International Shooting Sport Federation event

The target: total Ø = 154.4 mm. 4 ring Ø = 106.4 mm. 9 ring Ø = 26.4 mm. 10 ring Ø = 10.4 mm, height 0.75 m above the floor

50 meter rifle three positions (formerly known as one of four free rifle disciplines) is an International Shooting Sport Federation event, a miniature version of 300 meter rifle three positions. It consists of twenty shots in each of the kneeling, prone, and standing positions, fired in that order. Historically men fired 3×40 shots and women shot 3×20. In January 2018, the number of shots was equalised between genders with the Women's 3x20 being abolished in favour of a 3x40 match identical to the men's event. The caliber is .22 Long Rifle (5.6 mm). In January 2022 the format was changed with men and women all firing the shorter 3x20 format.

In both the men's and women's event, athletes must complete the course of fire within a single time block of 1 hours, 30 minutes. Before January 2018, the Women's 3x20 event had a time limit of 1 hour, 45 minutes. These time limits are applicable to matches conducted using electronic targets; longer times are used if the slower manual scoring system is used. Until 2018, women's rifles were limited to 6.5 kg, as opposed to 8.0 kg for men. This was the only remaining difference between men's and women's equipment after the switch from standard rifles to sport rifles. In January 2018 with the women's event extended to a 3x40 match, the 6.5 kg limit was abolished, with Women permitted to use rifles up to 8.0 kg. This rendered the men's and women's events identical in both number of shots and equipment permitted.

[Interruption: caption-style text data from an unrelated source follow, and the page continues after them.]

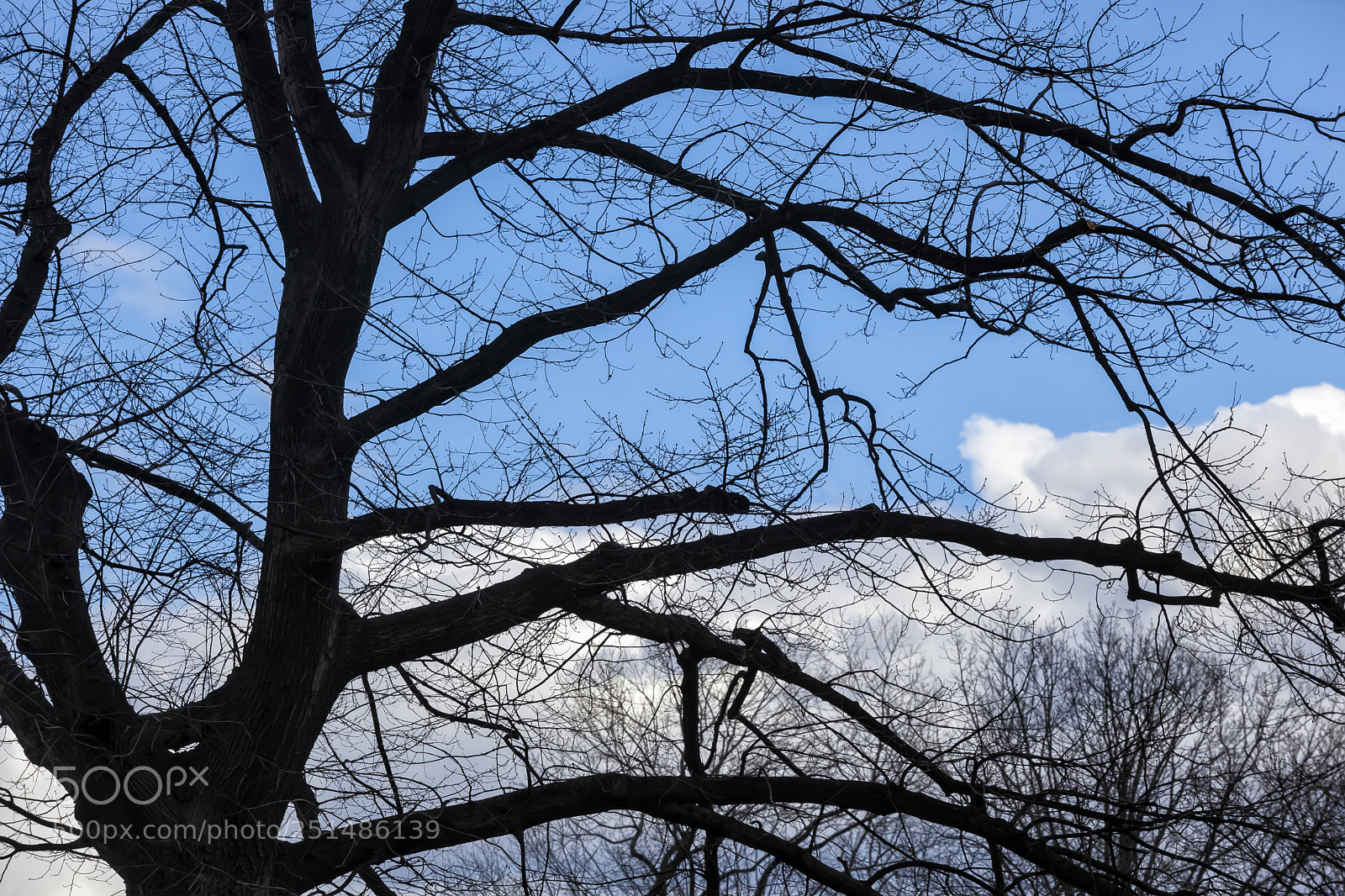 Canon EOS 5D Mark II sample photo. Trees sky and clouds photography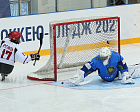А.А. Строкин в г. Сочи принял участие в церемонии открытия III Кубка Континента по следж-хоккею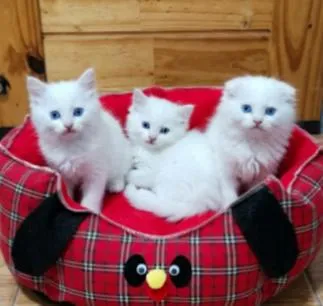 แมว scottish foldแมว scottish fold
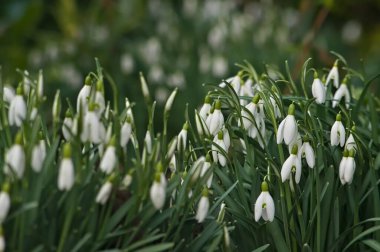 Kış çiçekleri, Galanthus kış sonlarında yumuşak odaklı arka planda bir bahçede.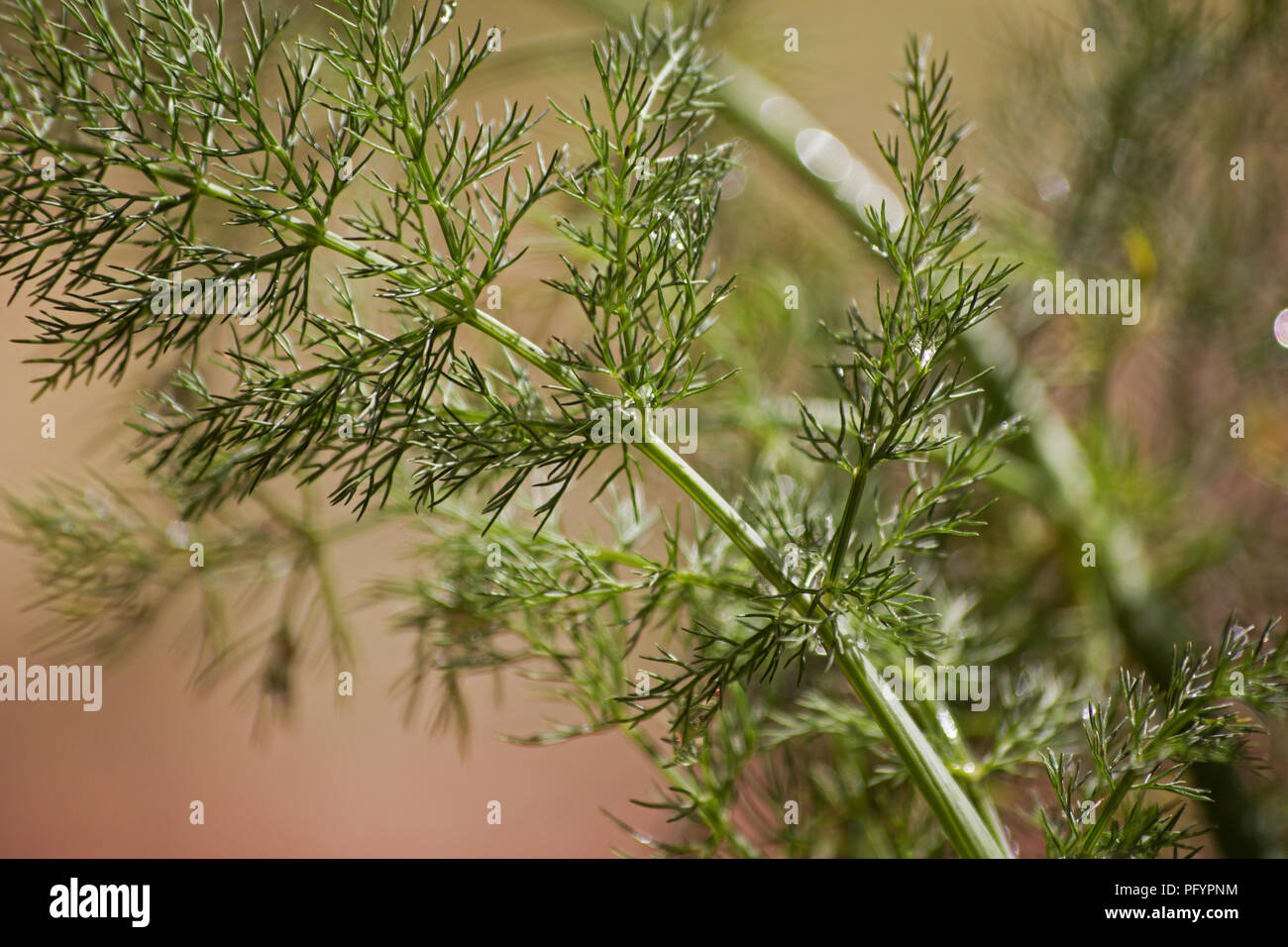Sweet fennel (Foeniculum vulgare) plant Stock Photo Alamy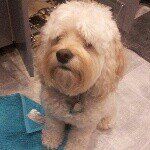 otis - @otishammond - Instagram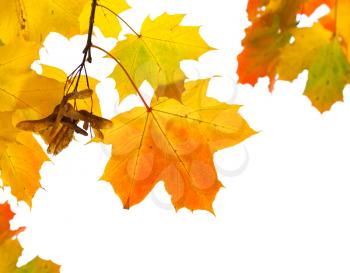 Beautiful autumn maple leaves isolated on white background. Selective focus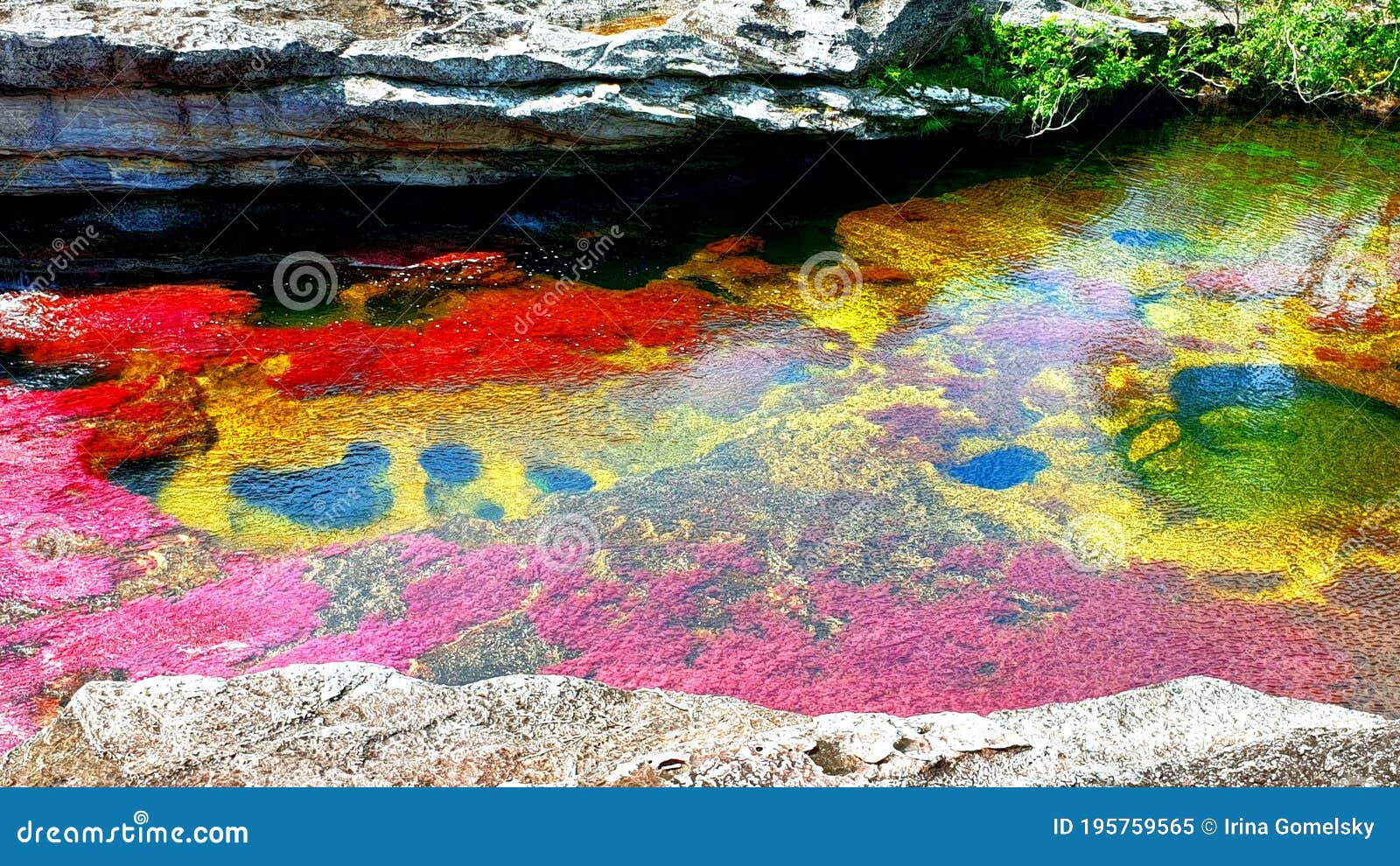 the most picturesque multi colored river in the world, cano cristales, serrania de la macarena national park, colombia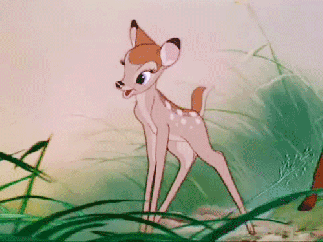 bambi
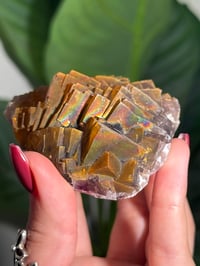 Image 5 of NATURAL RAINBOW IRIDESCENT CUBIC FLUORITE -CHINA- L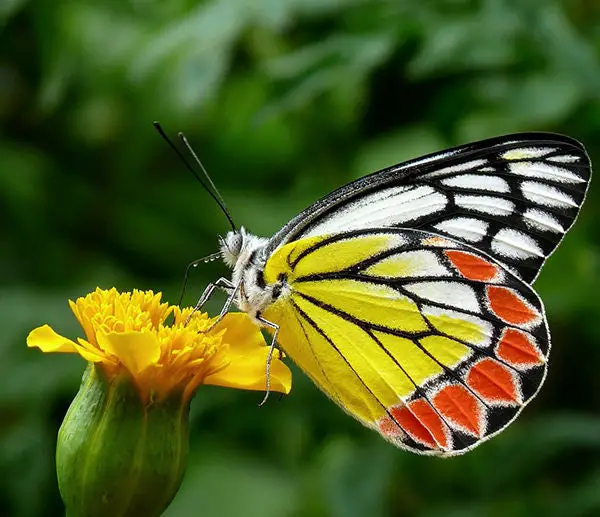 ¿Qué comen las mariposas y cómo puedes atraerlas a tu jardín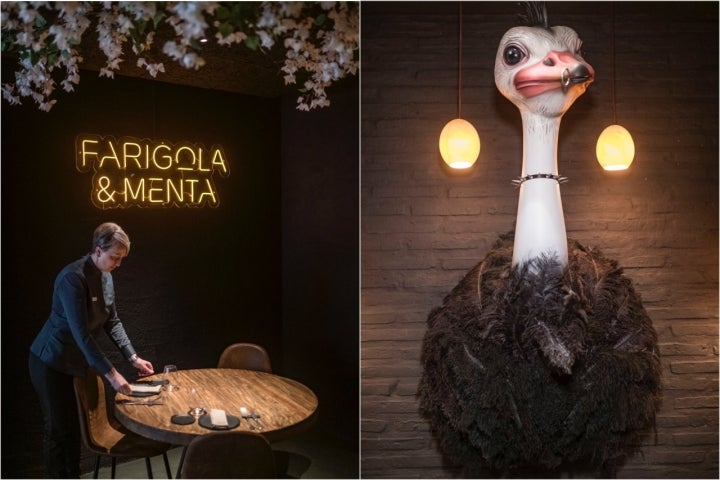 Comedor y avestruz del restaurante Farigola&Menta (Valencia):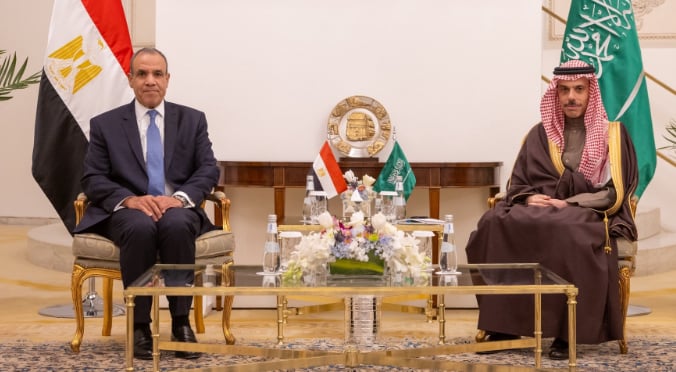 وزير الخارجية يبحث جهود خفض التصعيد في المنطقة مع نظيره المصري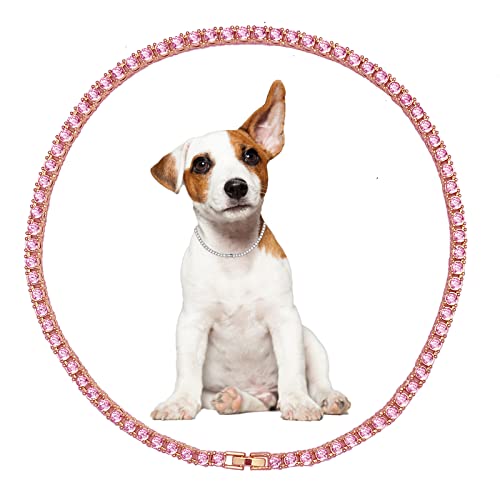 Hundehalsband Cuban Diamond Hundekette 4mm Breite Haustier Cuban Kette für kleine mittelgroße große Hunde von KOLODOGO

In major competitions, including World Cups and World Championships, the top eight competitors reach a finals match, where the medal positions are decided. Beginning in 2013, a new finals format was instituted, in which the qualification score is discarded, and the standings among the top eight shooters are determined by their finals scores alone. The course of fire was also changed significantly with the new rules, from the previous 10-shot program in only the standing position, into a 45-shot elimination format in all three positions. After 10 of the 15 shots of the final, standing stage, the two lowest-ranked shooters are eliminated. For the remaining five shots, the lowest-ranked shooter is eliminated after each shot, before the final shot decides the gold and silver medalists among the final two survivors.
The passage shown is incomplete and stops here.